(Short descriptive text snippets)

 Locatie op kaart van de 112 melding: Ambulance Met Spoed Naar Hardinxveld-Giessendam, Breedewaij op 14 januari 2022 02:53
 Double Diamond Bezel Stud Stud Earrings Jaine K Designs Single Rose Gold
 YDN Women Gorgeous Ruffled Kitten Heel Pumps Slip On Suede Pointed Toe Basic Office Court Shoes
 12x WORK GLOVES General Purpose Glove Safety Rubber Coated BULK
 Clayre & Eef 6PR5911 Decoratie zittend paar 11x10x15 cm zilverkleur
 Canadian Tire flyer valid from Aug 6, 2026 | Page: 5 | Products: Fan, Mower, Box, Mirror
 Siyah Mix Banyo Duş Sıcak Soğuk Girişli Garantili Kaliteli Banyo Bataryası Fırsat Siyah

- **What is needed**:
Nothing but the lines from the one with "YDN Women Gorgeous" through the last line of the records above should be retyped, and those word for word.

- **Response box**:
 YDN Women Gorgeous Ruffled Kitten Heel Pumps Slip On Suede Pointed Toe Basic Office Court Shoes
 12x WORK GLOVES General Purpose Glove Safety Rubber Coated BULK
 Clayre & Eef 6PR5911 Decoratie zittend paar 11x10x15 cm zilverkleur
 Canadian Tire flyer valid from Aug 6, 2026 | Page: 5 | Products: Fan, Mower, Box, Mirror
 Siyah Mix Banyo Duş Sıcak Soğuk Girişli Garantili Kaliteli Banyo Bataryası Fırsat Siyah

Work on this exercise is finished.